Overall, though, coming to New Jersey is extremely painful to me.  I made the mistake of looking at Gen's profile picture tonight.  It's her and Irene in the car wearing funny hats.  She looks happy.  I felt sick.  I know I have a very hard time letting these things go.  And, I tell other people to just let go, but I'm not really able to do it, either.  But, the difference is I keep trudging forward.  The ghosts just keep up with me.

I listened to "You Know You're Right" again today.  And, oddly enough, it's exactly what I did with Gen.  I crawled away for good, never to bother her again.  But, I never failed to feel the pain.  I've been contemplating suicide again, lately.  At least, for the last few days, it's been on my mind.  I haven't been able to logically convince myself that it's a good idea, yet.  The barrier is my attachments and commitments.  I'm too worried of letting people down.  If I did, my roommates would have to pay my portion of the rent.  Tom would have to drop my project or find a replacement.  Overall, it's too much of a burden to place on other people.

Still, lately, I'm finding less and less to be happy about in my life.  It's becoming harder to laugh about it.  I'm becoming more and more tired.  Being home again just amplifies how terrible I feel.  I don't know what I want.  I'm not striving toward any particular goal.  I'm just stumbling along.  Anything good I do find is quickly corrupted, and I can't figure out if it's my fault or not.

I'm lonely, I know.  I know I'm giving up.  I'm terribly lonely, and I'm trying to cure my problems (more accurately, other people's problems with me) with more loneliness.  I know.  It doesn't make sense to me, either.  I've tried almost everything else, and I've run out of ideas and energy.  I'm crashing.  Hard.  I just want to stop feeling this.  I just want to stop being so disappointed by everyone, and I don't want to disappoint anyone else.

What's a boy to do?

Thursday, February 12, 2009

Oasis:  I'm Outta Time

I really have no idea what I'm feeling right now.  It's not good, regardless.  I'm not really sad or angry or anything.  I'm indecisive, I suppose.

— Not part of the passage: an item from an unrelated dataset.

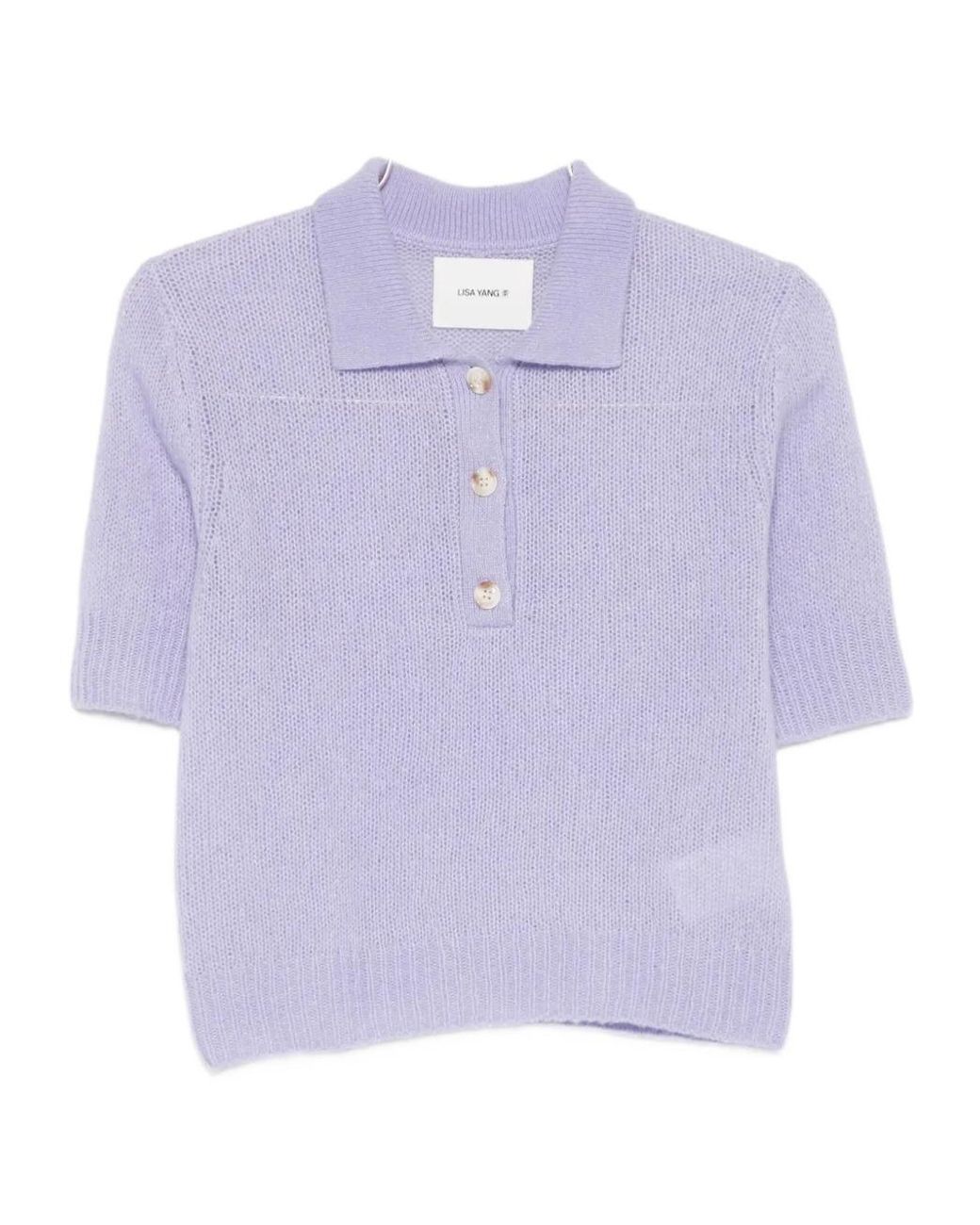 Lisa Yang Purple Masy Buttoned Polo Knitted Top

I can't really figure out what the correct course of action is anymore.  I'm tending to go with the "well, I tried it my way, and this is how it turned out, so I'll try it your way."  Though, I have a feeling that "your way" isn't really what you want either.  And, overall, it just feels like I'm selling out.  I can't shake the feeling that it doesn't have to be this way.  I can't escape what I've been saying all this time, even in the face of evidence that I may have been wrong in assuming that people can overcome these boundaries.

I think the major issue I'm having is that this all sounds so much like despair.  It doesn't have to be complicated, really.  I've been giving thought to owning up to my namesake.  Given that if I look back at the last couple of years, everything has been pretty disastrous.  Gen.  Liz.  Sean/Suzanne.  Ally.  I mean, there are probably plenty of more, but really those are the big ones.  "Until it eats the heart from your soul, keeps down the sound of your silent sigh."

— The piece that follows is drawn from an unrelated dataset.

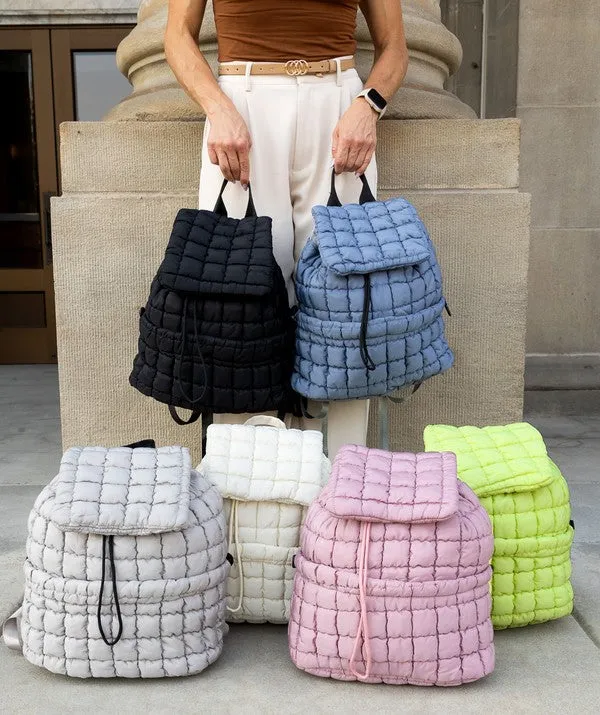Quilted Puffer Backpack Shoulder Bag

I'm coming to realize that I'm much more scarred than I was originally owning up to.  I thought that I could just keep going, but I'm beginning to believe I might have been fooling myself.  Which is odd, since I'm generally pretty bad at convincing myself of things that aren't true.  I was never very good at pretending things.

I'm torn between my desire to be alone all the time, and to have a companion.  But, so far, I haven't found anyone who could stand beside me.  It makes me wonder if it really is just me, afterall.

Monday, February 9, 2009

Antony and the Johnsons:  "Fistful of Love"

I bought a new macbook today.  I thought it might be nice to write something about it, since I spent an assload of money (and yes, an 'assload' is definitely a unit of measurement).  First, I like it.  It's fun, and really doesn't feel all that different than a PC.  Then again, I haven't really done anything terribly exciting with it.  I mean, I'm blogging, aren't I?  Not only that, I'm blogging using the namesake of a blog that I deleted quite some time ago.

Things have been most troubling lately.  I have been trying to just live through it, but it's hard to ignore, especially since I forget nothing.  Mostly, I just feel like I really have no way out of this situation.  I've burned whatever trust Suzanne had left in me with one terrible, terrible mistake.  And, Sean screwed me completely by being a complete asshole.  Ultimately, though, I know it was and is my own fault.  Regardless, I'm not talking to either of them.  I don't expect this to be hard with Suzanne.  She was willing to cut me out of her life before, and I don't expect this to be an exception.  Sean, on the other hand, is going to be much more difficult.  He's tried to IM me a couple of times, but since I've deleted both of them from AIM, I don't have to read the messages he sends me.  I don't read them.  I just close the window out.  This, of course, comes on top of my communication blackout with Ally, last October.  At the rate I'm going, it's just going to be me and my MacBook soon.  Of course, I don't really blame anyone else but myself.  As the song goes, "we pay our debts sometime."

I spent the weekend with Jess.  I like the girl, but I have a strict "no competition" policy when I pursue any girls.  She has far to many men in her life right now, and one with whom she seems particularly taken.  On top of that, I am having definite intimacy issues since Liz gave me molluscum.  I'm 95% sure I no longer have it, but that doesn't mean I don't have the scars from it.  I'm not completely healed and I'm not really looking forward to having anyone see it anytime soon.  But, it was nice cuddling with her while we slept.  I'm sure I was missing all the cues that I should have been taking, but it's really not my place.  Overall, I just have no idea what the hell I'm really doing.  I like her.  I'm definitely attracted to her (which made being so close to her and controlling myself quite difficult), but I just don't know much beyond that.  I will be spending time with her this upcoming weekend.  I'm planning on having lunch with her at her work and spending a reclusive evening with her on Valentine's day.  I've spoken about this situation with many people.  The general consensus is that I'm going to be regulated to "friend".  I guess that's actually pretty good, since I don't seem to be able to hang on to any, lately.

Today is Liz's birthday.  I haven't spoken to her in over a week now.  It's actually quite painful for me to think about it.  I miss her, but I don't think she really dwells on me, like I do on her.  She's already made up her mind to just move on, and I don't blame her.  But, I still think about her often.  At least, the memory of her, though painful, isn't as bad as Gen.  I still think about Gen often, too.  I wonder if we will ever speak again.  I wonder if there's a chance for us to ever reconcile.  I wonder if in a year, we will meet up and realize that we were good together.  I don't know if I hope for these things, but I do wonder about them from time to time.

I spoke to Kate today.  She said my life was "hilarious, but tragic."  That's pretty much how I sum it up too.  If it weren't so ironic, it would just be brutal.  Luckily, I was blessed with the ability to see just how ridiculous everything is.

I've been looking at my life, lately, and thinking that I really have no sense of direction to it, at all.  I am now just floating through it.  Perhaps, this is because I am largely alone now, without my usual support group.  It's like a trapeze artists without a safety net.  Should make for an interesting story.